All of them were identical in this regard. What defines a “good plan” or what
qualifies as “good leadership” is fully subjective and at the discretion of
leaders most interested in entrenching their power.

This also has a lot of research behind it, eg like in the book Moral Mazes.

The description you give sounds like an extreme outlier that doesn’t have
relevance for that vast majority of modern workplaces.

------
errantspark
In this limited management context it seems like sound advice.

In a broader view I think most people err far too much on the side of order. A
greater respect, tolerance and appreciation of chaos and it's utility is
something almost everyone could stand to learn and benefit from.

------
ozten
This is one of those messages that seem obvious, that it is hard to deeply
appreciate, until one works underneath a director or boss that creates chaos.

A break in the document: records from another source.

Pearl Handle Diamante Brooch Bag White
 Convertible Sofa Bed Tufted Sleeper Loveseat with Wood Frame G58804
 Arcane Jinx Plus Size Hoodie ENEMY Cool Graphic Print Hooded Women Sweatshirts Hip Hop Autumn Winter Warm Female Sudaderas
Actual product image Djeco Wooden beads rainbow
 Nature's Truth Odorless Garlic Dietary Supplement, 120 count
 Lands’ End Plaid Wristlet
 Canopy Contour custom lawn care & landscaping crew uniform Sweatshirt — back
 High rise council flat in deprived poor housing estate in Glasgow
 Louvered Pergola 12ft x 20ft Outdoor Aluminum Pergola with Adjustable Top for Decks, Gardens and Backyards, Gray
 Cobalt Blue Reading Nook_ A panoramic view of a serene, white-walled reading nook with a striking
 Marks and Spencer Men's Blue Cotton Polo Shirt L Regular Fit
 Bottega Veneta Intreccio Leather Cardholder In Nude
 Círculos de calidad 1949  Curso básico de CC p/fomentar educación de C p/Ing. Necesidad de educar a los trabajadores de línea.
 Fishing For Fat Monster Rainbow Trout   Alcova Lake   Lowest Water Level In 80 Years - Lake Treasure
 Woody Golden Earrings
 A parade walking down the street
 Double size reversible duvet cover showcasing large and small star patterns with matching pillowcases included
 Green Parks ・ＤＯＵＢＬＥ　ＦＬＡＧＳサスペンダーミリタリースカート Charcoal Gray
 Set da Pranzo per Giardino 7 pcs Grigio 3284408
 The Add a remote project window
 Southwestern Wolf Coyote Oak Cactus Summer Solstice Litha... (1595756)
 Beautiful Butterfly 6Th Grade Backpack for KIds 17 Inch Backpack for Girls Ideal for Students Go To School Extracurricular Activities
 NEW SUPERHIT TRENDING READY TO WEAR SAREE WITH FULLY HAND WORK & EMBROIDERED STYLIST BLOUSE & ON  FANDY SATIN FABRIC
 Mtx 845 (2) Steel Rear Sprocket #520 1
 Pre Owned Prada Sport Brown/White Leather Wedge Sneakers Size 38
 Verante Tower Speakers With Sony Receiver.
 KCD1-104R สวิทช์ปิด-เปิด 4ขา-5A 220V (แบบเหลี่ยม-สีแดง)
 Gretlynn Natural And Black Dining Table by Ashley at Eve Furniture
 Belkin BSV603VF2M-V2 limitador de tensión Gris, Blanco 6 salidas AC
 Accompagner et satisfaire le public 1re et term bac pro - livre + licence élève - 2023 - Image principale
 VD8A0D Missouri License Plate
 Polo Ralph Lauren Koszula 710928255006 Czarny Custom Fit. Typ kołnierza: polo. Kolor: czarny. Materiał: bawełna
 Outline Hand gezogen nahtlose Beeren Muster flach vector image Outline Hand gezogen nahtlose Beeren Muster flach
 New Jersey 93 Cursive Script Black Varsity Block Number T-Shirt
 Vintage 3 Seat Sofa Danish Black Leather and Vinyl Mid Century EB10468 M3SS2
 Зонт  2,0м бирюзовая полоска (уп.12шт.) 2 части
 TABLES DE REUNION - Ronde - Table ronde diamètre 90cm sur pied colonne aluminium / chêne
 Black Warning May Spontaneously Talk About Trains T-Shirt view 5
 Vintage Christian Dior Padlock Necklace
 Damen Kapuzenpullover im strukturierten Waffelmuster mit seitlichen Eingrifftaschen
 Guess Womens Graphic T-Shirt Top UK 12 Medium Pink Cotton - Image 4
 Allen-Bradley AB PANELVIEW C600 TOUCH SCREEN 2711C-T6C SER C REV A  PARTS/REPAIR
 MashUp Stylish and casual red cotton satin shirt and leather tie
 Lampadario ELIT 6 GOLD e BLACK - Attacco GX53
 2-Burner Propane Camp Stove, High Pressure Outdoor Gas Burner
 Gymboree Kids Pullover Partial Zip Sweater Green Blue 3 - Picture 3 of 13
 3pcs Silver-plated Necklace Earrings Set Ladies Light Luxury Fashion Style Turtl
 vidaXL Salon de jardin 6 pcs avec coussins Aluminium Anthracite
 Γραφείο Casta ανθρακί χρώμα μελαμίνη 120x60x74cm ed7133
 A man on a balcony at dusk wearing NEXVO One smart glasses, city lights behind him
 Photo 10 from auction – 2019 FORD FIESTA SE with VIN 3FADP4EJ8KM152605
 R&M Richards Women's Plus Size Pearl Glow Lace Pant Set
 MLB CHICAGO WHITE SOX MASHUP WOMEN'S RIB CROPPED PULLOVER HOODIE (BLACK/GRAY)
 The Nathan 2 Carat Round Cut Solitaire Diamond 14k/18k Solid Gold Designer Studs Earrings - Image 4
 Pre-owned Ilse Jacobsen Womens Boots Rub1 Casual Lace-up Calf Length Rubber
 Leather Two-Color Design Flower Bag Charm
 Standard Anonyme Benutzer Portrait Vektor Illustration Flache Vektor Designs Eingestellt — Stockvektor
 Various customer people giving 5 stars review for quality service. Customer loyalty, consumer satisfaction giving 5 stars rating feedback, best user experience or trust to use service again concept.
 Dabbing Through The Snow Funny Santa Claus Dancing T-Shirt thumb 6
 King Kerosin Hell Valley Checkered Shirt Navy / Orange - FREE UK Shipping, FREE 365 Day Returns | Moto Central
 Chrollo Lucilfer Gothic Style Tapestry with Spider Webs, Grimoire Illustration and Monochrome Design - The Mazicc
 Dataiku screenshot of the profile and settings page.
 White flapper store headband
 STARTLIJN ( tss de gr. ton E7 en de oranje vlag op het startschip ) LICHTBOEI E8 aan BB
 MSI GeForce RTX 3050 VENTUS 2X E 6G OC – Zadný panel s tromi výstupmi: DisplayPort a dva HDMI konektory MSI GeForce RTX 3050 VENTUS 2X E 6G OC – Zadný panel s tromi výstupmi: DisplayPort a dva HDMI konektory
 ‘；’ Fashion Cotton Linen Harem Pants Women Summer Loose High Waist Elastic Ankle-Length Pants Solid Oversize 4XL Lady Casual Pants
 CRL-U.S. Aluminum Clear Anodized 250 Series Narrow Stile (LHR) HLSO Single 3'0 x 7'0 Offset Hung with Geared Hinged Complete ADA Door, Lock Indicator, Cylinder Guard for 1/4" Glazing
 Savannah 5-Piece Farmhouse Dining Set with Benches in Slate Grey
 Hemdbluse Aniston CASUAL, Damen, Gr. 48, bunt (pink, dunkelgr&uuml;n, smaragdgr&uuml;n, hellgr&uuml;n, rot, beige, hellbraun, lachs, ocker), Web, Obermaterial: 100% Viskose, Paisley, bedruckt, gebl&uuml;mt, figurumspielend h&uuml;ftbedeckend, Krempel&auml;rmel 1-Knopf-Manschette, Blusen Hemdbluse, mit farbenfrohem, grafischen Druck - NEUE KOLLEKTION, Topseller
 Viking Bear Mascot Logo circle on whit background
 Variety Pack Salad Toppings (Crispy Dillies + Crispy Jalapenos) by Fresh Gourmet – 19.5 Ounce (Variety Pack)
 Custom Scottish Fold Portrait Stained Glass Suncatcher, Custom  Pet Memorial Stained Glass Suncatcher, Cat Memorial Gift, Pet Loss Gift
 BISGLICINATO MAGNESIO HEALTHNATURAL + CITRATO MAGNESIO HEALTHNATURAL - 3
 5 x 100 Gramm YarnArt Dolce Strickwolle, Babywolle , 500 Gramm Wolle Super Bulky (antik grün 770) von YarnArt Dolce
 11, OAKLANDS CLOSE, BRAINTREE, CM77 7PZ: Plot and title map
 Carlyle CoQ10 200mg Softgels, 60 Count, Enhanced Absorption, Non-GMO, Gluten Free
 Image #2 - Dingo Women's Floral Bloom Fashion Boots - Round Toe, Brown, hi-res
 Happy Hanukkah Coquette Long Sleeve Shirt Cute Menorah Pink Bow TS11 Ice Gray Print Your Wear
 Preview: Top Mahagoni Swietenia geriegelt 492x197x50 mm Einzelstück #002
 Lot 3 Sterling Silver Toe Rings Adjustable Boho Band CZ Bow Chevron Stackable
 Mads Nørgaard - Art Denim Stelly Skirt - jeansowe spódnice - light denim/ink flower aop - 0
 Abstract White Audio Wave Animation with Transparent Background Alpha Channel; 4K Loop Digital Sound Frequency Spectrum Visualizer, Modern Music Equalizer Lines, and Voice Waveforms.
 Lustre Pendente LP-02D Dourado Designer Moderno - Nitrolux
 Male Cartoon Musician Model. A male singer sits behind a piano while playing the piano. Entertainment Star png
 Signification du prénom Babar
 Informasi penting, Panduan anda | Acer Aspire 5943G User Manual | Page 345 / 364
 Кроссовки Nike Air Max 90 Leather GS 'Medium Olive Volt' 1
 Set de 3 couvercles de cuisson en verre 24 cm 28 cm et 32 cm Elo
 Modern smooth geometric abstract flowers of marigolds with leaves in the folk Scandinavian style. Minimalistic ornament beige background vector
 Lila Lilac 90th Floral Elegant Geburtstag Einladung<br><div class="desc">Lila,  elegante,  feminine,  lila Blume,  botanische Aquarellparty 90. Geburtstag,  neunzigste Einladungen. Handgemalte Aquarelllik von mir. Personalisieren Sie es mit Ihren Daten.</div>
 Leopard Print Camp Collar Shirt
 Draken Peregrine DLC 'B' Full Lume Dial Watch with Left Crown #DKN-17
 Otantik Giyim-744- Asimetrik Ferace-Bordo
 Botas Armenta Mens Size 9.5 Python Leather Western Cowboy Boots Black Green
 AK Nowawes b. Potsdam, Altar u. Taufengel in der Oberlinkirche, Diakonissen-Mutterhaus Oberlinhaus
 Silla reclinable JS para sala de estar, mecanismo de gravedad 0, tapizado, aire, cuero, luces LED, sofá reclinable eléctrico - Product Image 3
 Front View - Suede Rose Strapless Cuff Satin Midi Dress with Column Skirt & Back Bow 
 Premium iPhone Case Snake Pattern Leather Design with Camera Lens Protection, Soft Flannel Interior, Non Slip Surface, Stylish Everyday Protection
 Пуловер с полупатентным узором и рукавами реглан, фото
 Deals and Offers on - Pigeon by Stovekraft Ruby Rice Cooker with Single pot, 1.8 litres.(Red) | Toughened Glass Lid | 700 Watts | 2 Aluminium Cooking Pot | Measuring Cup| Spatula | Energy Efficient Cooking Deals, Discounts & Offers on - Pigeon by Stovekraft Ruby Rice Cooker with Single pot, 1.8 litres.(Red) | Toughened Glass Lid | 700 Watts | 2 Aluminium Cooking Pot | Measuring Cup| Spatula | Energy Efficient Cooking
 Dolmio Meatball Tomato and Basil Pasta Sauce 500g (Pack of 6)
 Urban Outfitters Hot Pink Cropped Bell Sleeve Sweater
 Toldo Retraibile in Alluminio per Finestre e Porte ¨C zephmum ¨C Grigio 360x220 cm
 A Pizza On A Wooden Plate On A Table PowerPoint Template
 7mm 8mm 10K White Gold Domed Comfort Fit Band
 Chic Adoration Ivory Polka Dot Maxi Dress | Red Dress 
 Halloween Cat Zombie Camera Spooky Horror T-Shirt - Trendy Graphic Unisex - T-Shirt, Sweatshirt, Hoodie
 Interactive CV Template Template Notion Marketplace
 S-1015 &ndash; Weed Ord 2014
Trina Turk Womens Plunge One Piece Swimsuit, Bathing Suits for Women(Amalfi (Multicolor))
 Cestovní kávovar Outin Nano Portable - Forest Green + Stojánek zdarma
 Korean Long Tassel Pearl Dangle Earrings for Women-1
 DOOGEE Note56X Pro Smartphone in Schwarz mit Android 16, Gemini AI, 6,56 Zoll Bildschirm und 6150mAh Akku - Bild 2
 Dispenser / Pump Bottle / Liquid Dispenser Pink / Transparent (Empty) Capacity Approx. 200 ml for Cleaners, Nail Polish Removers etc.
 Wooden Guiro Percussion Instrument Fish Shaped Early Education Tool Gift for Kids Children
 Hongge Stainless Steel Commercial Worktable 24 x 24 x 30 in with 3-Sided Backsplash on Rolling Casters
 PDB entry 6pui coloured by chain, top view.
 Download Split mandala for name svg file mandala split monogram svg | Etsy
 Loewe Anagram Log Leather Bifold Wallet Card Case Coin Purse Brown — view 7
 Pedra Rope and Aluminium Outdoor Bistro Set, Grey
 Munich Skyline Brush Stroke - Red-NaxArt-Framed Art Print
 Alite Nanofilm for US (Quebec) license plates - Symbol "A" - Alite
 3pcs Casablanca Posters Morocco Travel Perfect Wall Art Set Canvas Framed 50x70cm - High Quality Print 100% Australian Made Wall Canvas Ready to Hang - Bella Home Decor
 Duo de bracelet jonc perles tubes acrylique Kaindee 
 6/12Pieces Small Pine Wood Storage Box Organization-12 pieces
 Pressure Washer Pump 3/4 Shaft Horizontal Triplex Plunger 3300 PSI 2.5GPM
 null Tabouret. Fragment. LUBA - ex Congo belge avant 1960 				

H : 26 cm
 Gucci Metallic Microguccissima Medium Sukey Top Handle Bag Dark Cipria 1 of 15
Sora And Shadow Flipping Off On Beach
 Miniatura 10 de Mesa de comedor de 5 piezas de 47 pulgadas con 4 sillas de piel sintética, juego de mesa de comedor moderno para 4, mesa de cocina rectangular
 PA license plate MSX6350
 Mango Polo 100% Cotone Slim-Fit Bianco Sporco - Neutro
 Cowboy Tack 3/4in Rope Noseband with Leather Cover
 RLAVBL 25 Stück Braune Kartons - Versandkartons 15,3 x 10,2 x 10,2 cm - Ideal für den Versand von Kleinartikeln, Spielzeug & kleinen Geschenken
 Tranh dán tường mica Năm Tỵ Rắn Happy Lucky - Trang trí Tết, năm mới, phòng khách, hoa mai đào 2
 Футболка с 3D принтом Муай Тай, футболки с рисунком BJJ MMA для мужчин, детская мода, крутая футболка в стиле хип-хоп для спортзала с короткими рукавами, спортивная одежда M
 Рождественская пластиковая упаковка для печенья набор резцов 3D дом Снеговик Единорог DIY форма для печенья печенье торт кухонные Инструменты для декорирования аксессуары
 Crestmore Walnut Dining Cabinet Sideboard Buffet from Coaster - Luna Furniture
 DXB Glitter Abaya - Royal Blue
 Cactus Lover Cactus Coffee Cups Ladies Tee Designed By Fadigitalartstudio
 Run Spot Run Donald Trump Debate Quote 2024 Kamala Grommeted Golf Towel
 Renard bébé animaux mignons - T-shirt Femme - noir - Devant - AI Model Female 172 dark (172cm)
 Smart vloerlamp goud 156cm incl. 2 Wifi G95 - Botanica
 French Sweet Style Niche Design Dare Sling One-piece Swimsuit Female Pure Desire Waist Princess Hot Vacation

If you and your org aren't willing to confront and fix these behaviors... run,
don't walk, to the nearest exit.

------
deeblering4
I can relate to this. I used to work in a role with multiple bosses (co-
founders) who all held the same job title and description.

They didn't sync up well, were spread across time zones, and would often
disagree. So, depending on who you talked to there would be a different set of
priorities and requirements. And one would call a meeting to review/challenge
the others designs and decisions. It was very chaotic and stressful.

------
cbd384
Pretty interesting - I'd love to hear more about the "how to scale as
individual piece below"?

I have highlighted a relevant excerpt below.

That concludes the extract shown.